Thin Lies?

I play golf in El Paso and currently have little to no grass in the fairways. I'm looking for some advice on how to hit a 60-80 yard shot with my 60 degree wedge without flubbing, chunking, thining or skulling it. Thanks Team

try going to the driving range.

I have been having the same problem when we are down in Texas for the Winter. We are a lot further outh than you, being about one hour south of Laredo. What I have found works well for me is to hit down on the ball more which, for me, causes me to get a little more of the earth into the strike and I am able to get better results doing this. It takes some practice on the range, but it did help me. The nice part about being that far south for me is that I do get better distance with my drives and iron shots. And at my age, that is just fine with me.

With all due respect, thanks Clinton. Been there done that, I was looking for a tip, not an oh gee whiz reply.
Try standing a bit more upright and picking the ball clean.

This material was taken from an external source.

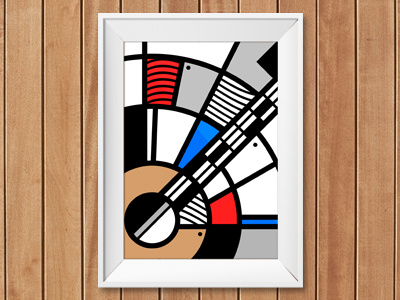 Abstracts 101: Music abstract colors de stijl gallery illustration music patterns pop art shapes vector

I usually try to visualize the swing I would make were I hitting the ball off the sidewalk...

Quintin H

Marc

If you're hitting the ball properly then a tight lie is a good thing. If you need grass to prop the ball up so the sole doesn't hit the ground then you aren't hitting the ball properly.

Get yourself a very high bounce sandwedge, doesn't matter brand, just the higher the bounce and the wider the sole the better.

Get yourself a piece of plywood, just big enough for you to hit balls off of.

Practice pitching off the board, you don't need to hit hard, but you need to hit the ball first. This will teach you how to bring the clubface into the ball.

 I  think a wedge with less bounce would be better on tight lies imo .

Quintin H

Marc

If you're hitting the ball properly then a tight lie is a good thing. If you need grass to prop the ball up so the sole doesn't hit the ground then you aren't hitting the ball properly.

Get yourself a very high bounce sandwedge, doesn't matter brand, just the higher the bounce and the wider the sole the better.

Get yourself a piece of plywood, just big enough for you to hit balls off of.

Practice pitching off the board, you don't need to hit hard, but you need to hit the ball first. This will teach you how to bring the clubface into the ball.

 

Wrong........in general hitting off hardpan or tight lies requires a club with LESS bounce, not more.  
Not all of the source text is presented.